◆ Task prompt: The entries below contain pictures. Write out only the lines from the line with "HLHF Centuri 4" up to and including the line with "Rondo XL 51mm", exactly, without them.

━━━ Information shown

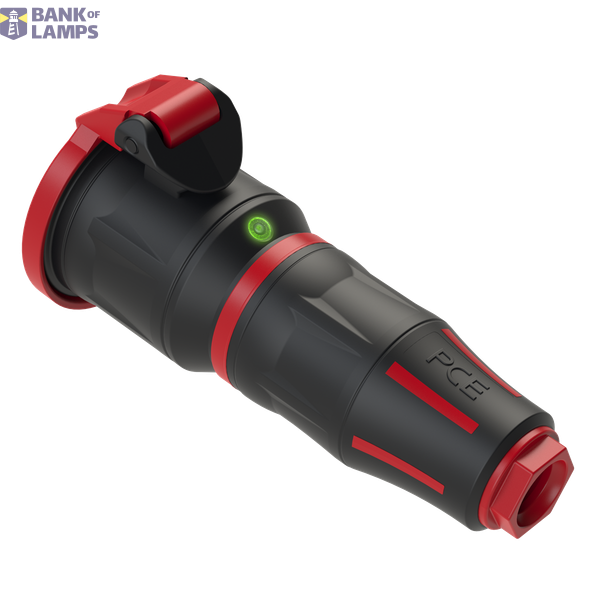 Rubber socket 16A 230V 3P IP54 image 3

━━━━━━
━━━ Information shown

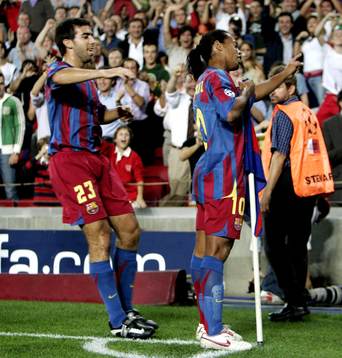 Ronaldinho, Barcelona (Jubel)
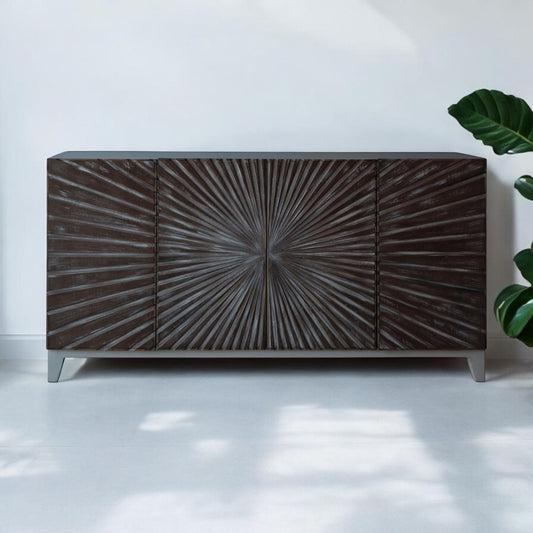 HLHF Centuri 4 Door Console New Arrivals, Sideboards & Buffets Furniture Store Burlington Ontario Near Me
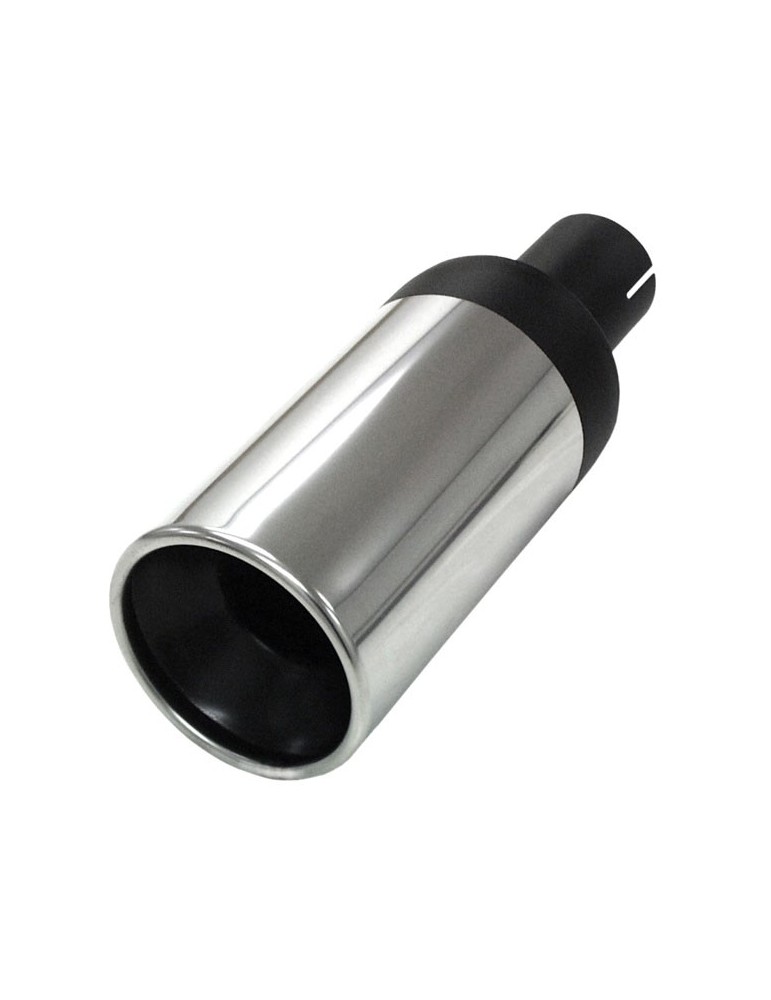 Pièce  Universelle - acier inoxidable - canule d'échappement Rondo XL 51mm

━━━━━━
━━━ Information shown

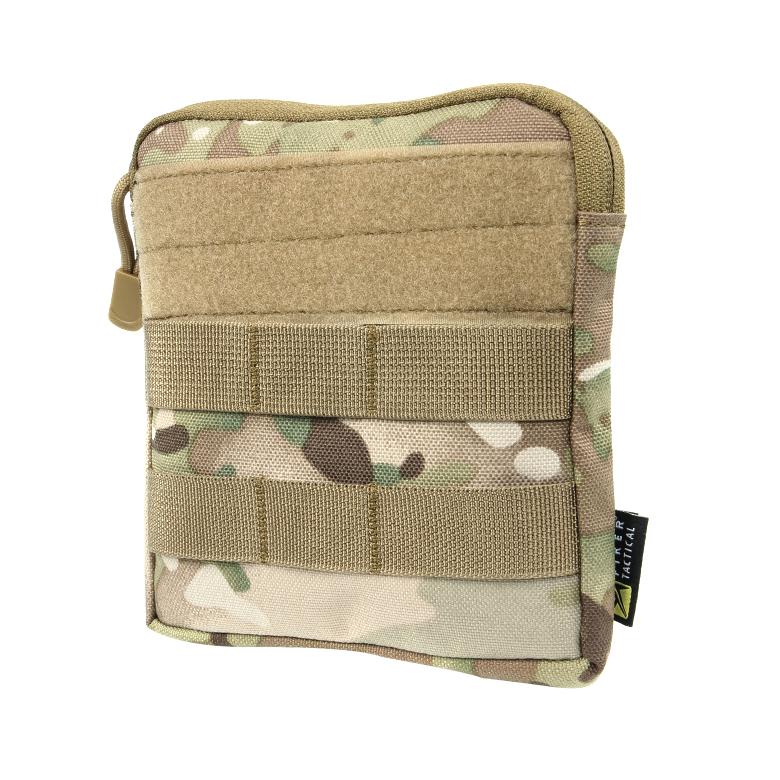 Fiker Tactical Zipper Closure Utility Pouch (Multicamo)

━━━━━━

◆ Answer to the problem:
 HLHF Centuri 4 Door Console New Arrivals, Sideboards & Buffets Furniture Store Burlington Ontario Near Me
 Pièce  Universelle - acier inoxidable - canule d'échappement Rondo XL 51mm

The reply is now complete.